A controversial gas extraction process blamed for causing small earthquakes in Lancashire could be used in Aylesbury Vale – potentially derailing the HS2 plans (writes Andrew Kay).
Land between Aylesbury and Winslow has been earmarked as a potential shale gas reserve – which means gas could be released from rocks using tiny explosions in a process known as ‘fracking’.
The Vale is currently under consultation as a potential ‘onshore’ gas site to be licenced.
The government is expected to reveal within 18 months if firms will be allowed to carry out exploratory work here.
Drilling was halted near Blackpool last year over earthquake safety fears.
A government review has since given it the green light to resume - claiming fracking will reduce energy bills, create jobs and the risks can be managed.
Fracking could not begin until local councils have given permission.
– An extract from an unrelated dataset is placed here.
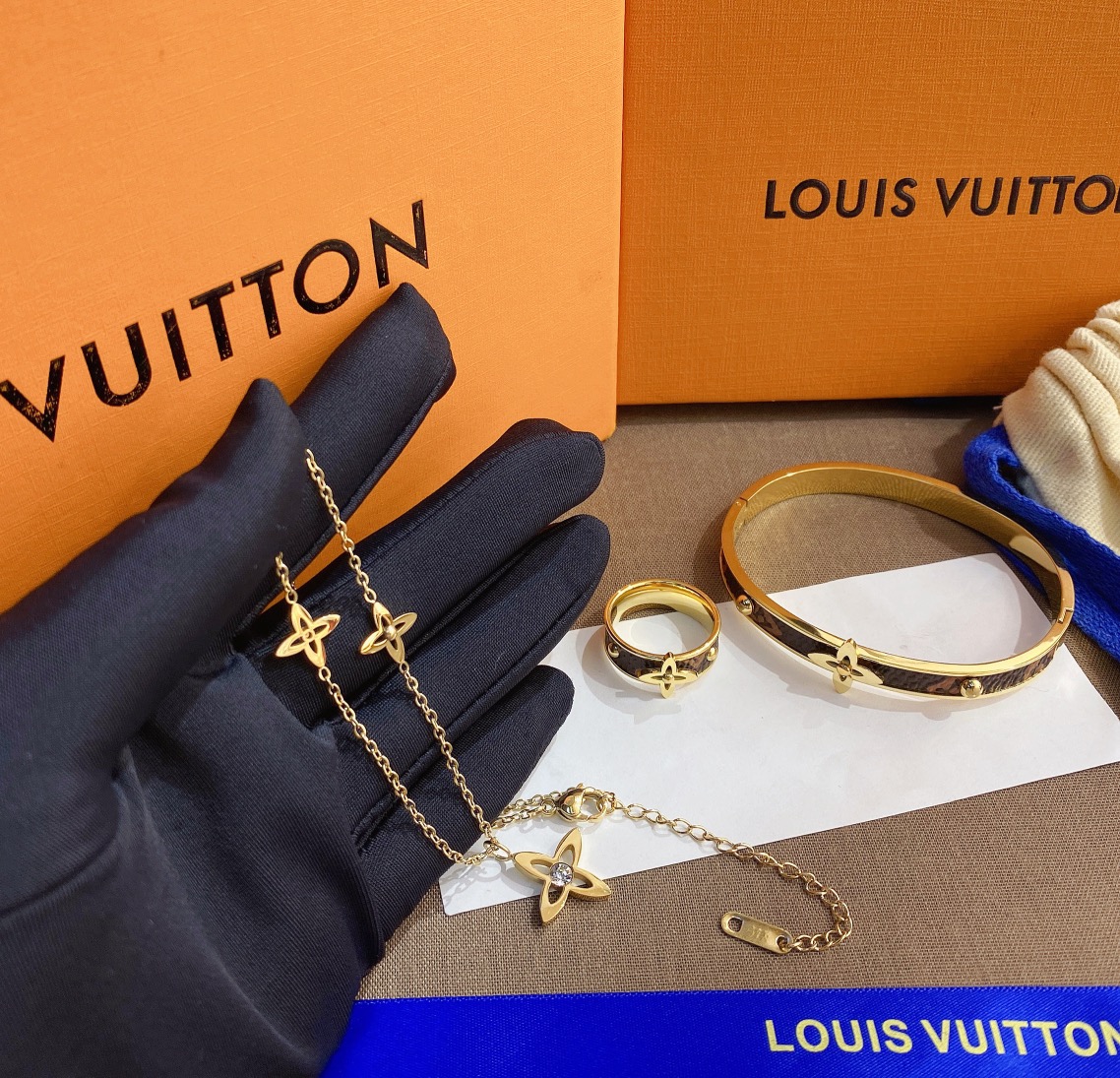 Replica LOUIS VUITTON Necklace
Operations are likely to be located near the planned HS2 Claydon maintenance depot, 300,000 tonne waste incinerator by Calvert and beside the Vale stretch of the new East-West Rail line.
The Bucks Herald understands that landowners in the area have been approached by energy firms to discuss the possibility.
Steven Adams, Bucks County Council’s cabinet member for the environment, said the country needs to diversify its power sources to bring down energy bills and he would support the plans if they were ‘appropriate for the area’.
Environmental consultant and lecturer Paul Hobbs spoke at a recent debate on the subject of fracking in Aylesbury’s Oculus, where he criticised the media for wrongly focusing on the ‘earthquake issue’.
Mr Hobbs told The Bucks Herald that residents across the Vale should oppose it for two reasons - firstly because fracking can cost £1 million a day and as a result the falls in energy prices across the US have ‘not been that significant and prices are creeping back up’.
Also, on the grounds of landscape damage - claiming the Vale can expect ‘disruption with trenches, holes every quarter to half-a-mile, large pipes laid overground, lorry movements and hedgerows being dug up’.
Mr Hobbs, of Banbury, believes the government should instead asses Britain’s long term energy needs, saying: “In 30 or 40 years it’s gone and then what?”
The Oculus debate was organised by the Save Aylesbury Vale Environment group. Secretary Robert Smart says he remains ‘open minded’ about the ups and downs of fracking – which he says could have a ‘considerable’ impact on the economy and the environment.
He said: “We do understand the potential to provide some local employment and there would be new investment in the Vale that could be considerable. Obviously that may lead to the development of local expertise and jobs and any wealth resulting from that activity could be spent in the local economy.
“We also acknowledge that fracking may be a mid term staging point in the transition of the UK’s oil-based economy to a lower carbon future. Fracking may have a small part to play in that transition.”
When asked if fracking in the Vale would disrupt plans for a high speed train line (which will pass through Buckinghamshire without stopping), a spokesman for HS2 Ltd said the issue ‘had not impacted on work so far’.
Anti-HS2 activitist Rae Sloan, who lives just outside Calvert, said: “The question was asked about 18 months ago about whether it could stop HS2 and like most things, in my view, they hadn’t really thought about it.”
She said the fracking possibility could be a ‘nightmare for the area’.
Stop HS2 treasurer Roger Waller, of Dunsmore, near Wendover, said: “I think it could cause some trouble.
“I think it is possible that it could affect plans for the line.”